■ **EXERCISE DATA**
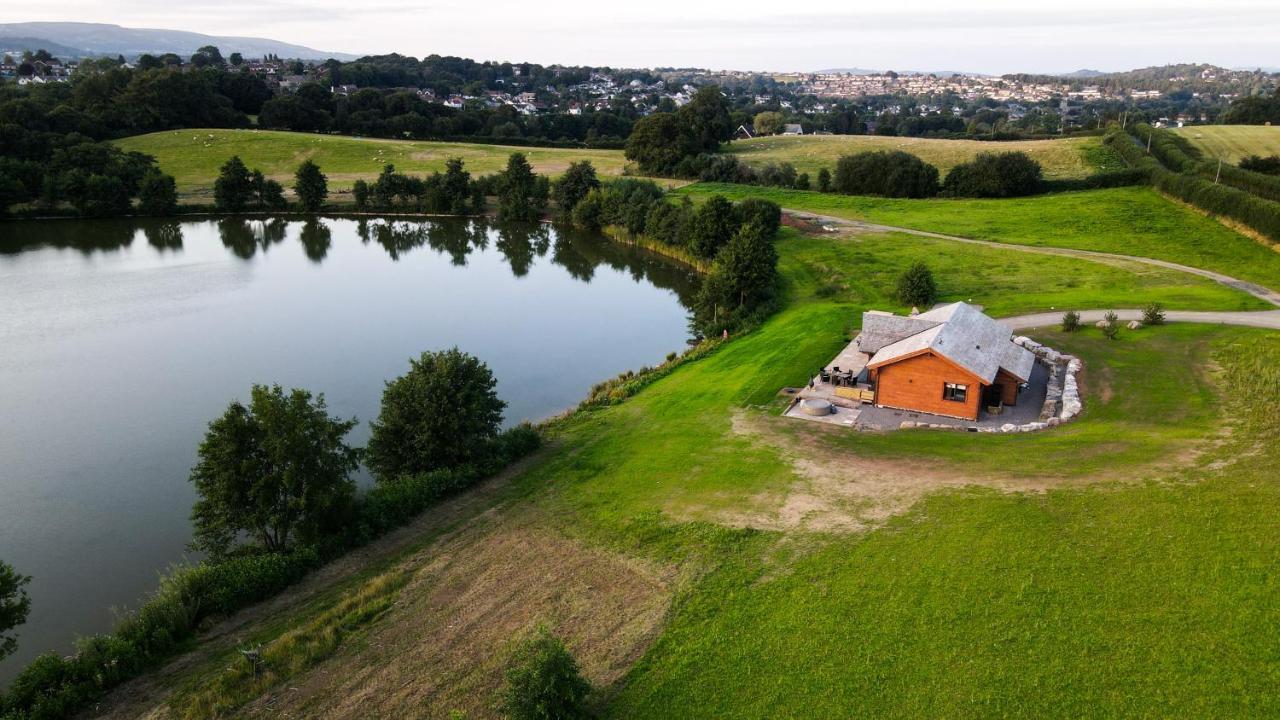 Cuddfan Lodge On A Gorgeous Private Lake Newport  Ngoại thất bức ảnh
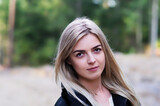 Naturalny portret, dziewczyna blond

---

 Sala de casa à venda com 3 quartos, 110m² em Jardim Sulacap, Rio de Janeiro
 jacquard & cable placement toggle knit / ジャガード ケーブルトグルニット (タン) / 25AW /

==

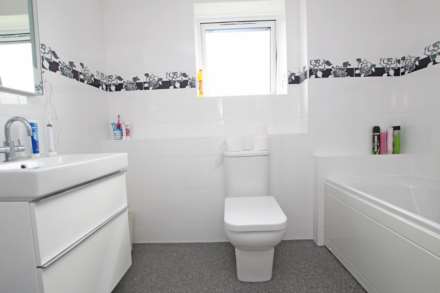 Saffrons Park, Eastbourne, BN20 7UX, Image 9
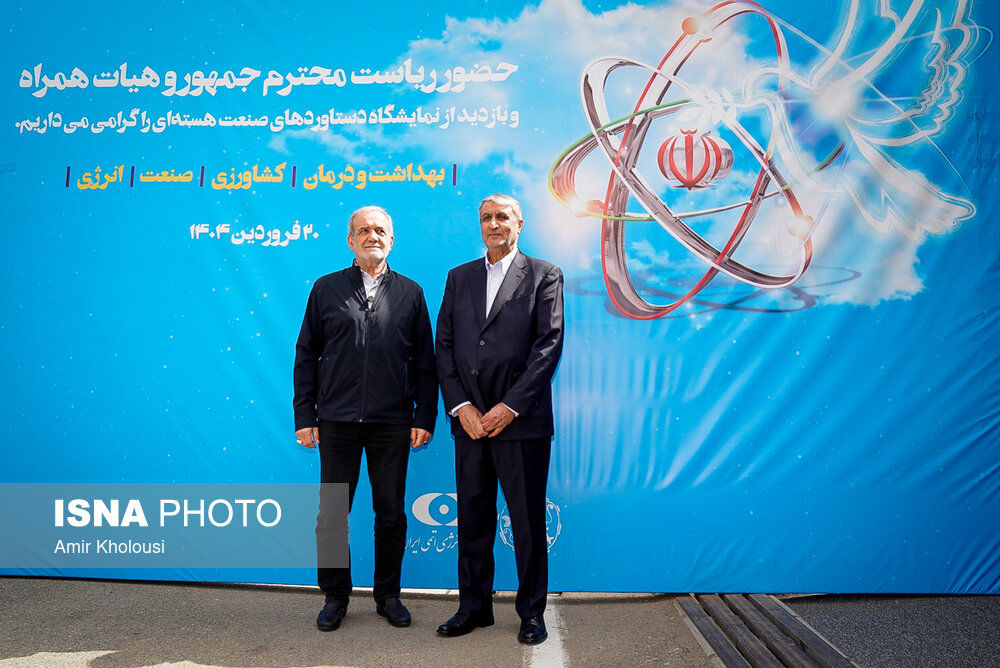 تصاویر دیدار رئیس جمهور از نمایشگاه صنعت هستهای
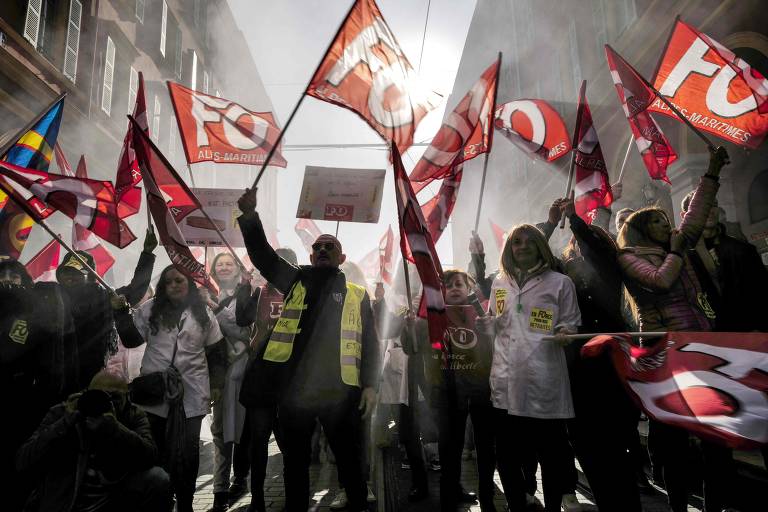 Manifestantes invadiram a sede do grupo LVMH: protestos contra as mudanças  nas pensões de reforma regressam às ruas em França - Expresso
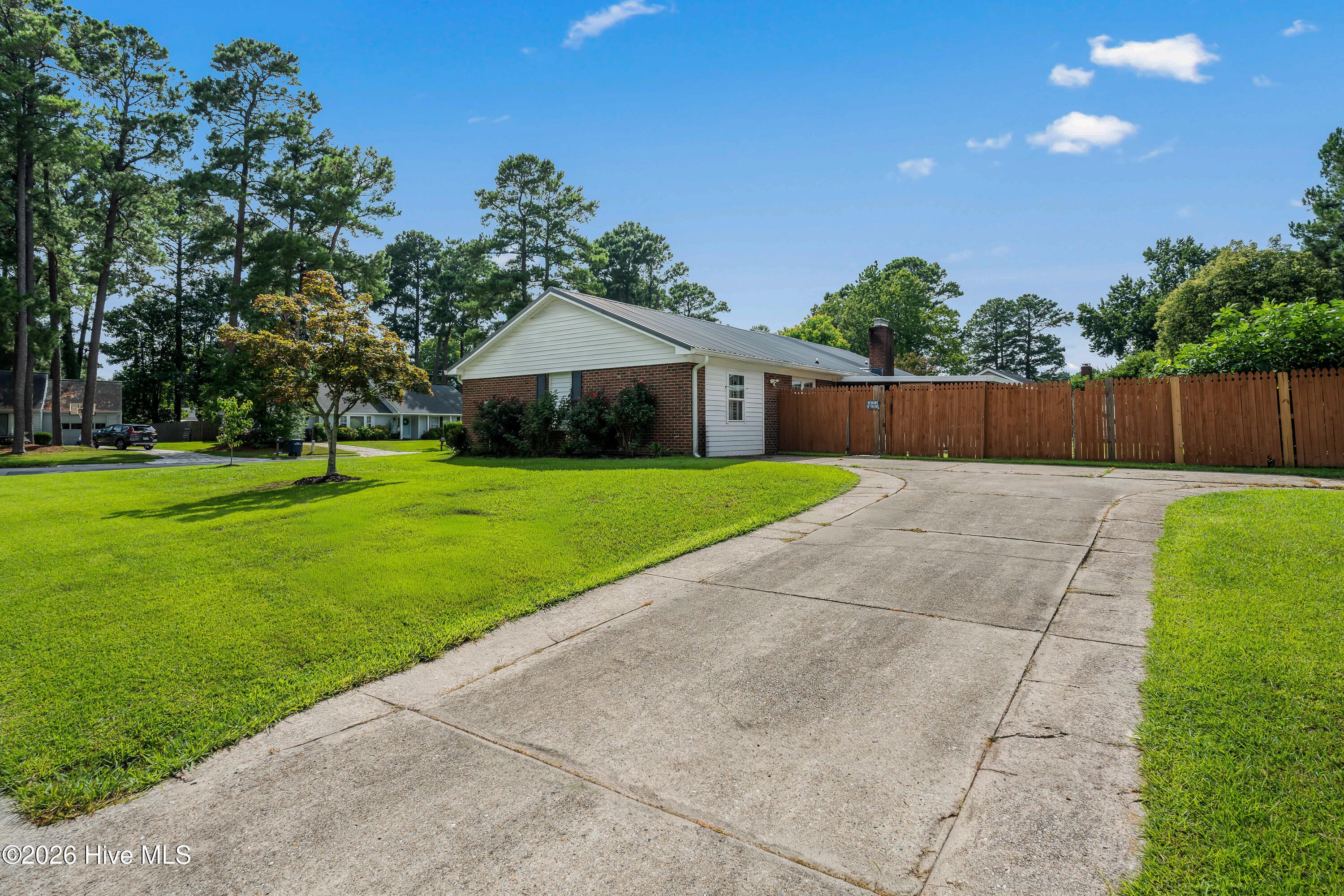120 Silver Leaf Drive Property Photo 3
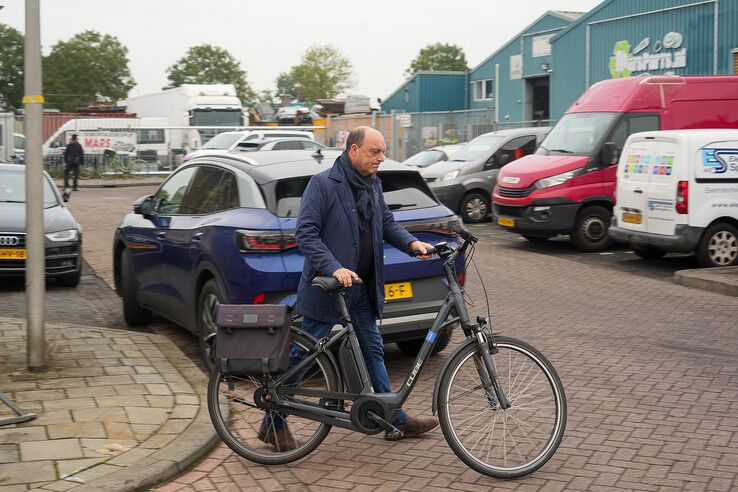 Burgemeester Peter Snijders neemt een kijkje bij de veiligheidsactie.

■ **EXERCISE INSTRUCTIONS**
If a picture sits between the line containing "Cuddfan Lodge On" and the line containing "Naturalny portret, dziewczyna blond", leave it out, and return the lines of that range above exactly, both ends included.

■ **EXERCISE ANSWER**
 Cuddfan Lodge On A Gorgeous Private Lake Newport  Ngoại thất bức ảnh
 Naturalny portret, dziewczyna blond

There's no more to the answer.